CNN - Star sheds light on African 'Stonehenge'

Mysterious ruins in Zimbabwe, nearly brushed this week by the shadow of a total solar eclipse, once served as an astronomical observatory to track eclipses, solstices and an elusive exploding star, a South African scientist said.

The arrangement of the walls, the complicated symbols on stone monoliths and the position of a tall tower suggest that medieval Zimbabweans used the complex to track the moon, sun, planets and stars for centuries.

"The importance of Great Zimbabwe is that it was the capital of the only known sub-Saharan African Empire that lasted almost 1,000 years. Everyone in southern Africa somehow relates to this nucleus cultural complex," Wade said.

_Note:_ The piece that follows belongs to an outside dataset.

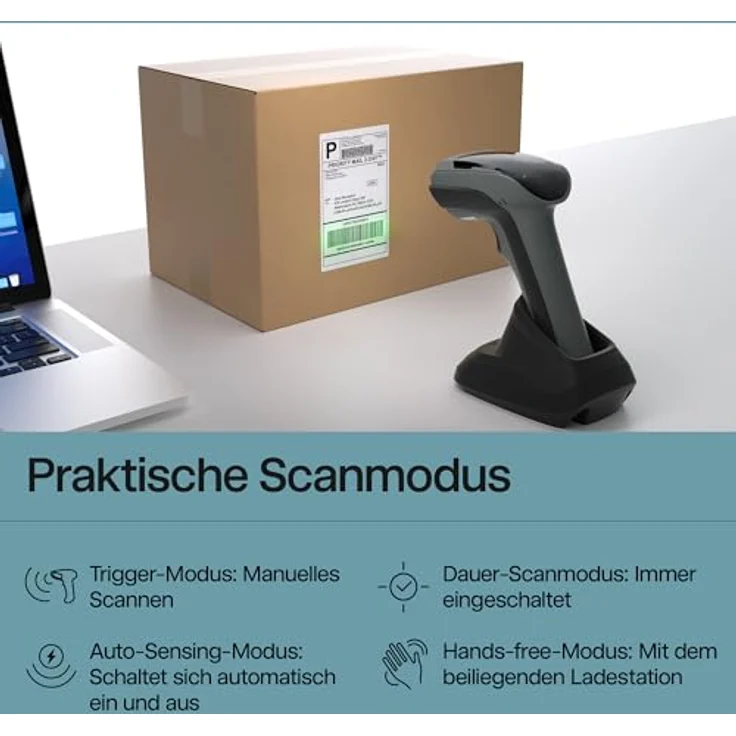 Safescan 350-BT, Kabelloser Barcode-Scanner für 1D und 2D Barcodes, Schwarz – Bild 5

Several of the stone monoliths, for example, line up with certain bright stars in the constellation Orion as they rise on the morning of the shortest day of the year, the winter solstice.

Another contains markings that coincide with orbital patterns of Earth and Venus, which could be used to forecast eclipses, Wade said.

In his most controversial position, Wade suggests that a tower at the complex, whose purpose has baffled historians, was probably built to observe an exploding star in roughly 1300 AD.

"This large conical tower in the great enclosure stands directly in line with the rising supernova remnant when seen from the observation platform and court area of the time," Wade wrote in a paper to be submitted to the journals Science and Scientific American.

Modern telescope observations indicate that a supernova lit up the sky at approximately the same time. Historic records make no mention of it, an omission that does not surprise Wade since the dying star appeared over the Southern Hemisphere, which at the time had virtually no literate cultures.

But oral legends in the region lend credence to the supernova idea, Wade said. The Sena people of Zimbabwe hold that their ancestors migrated from the north by following an unusually bright star in the southern skies.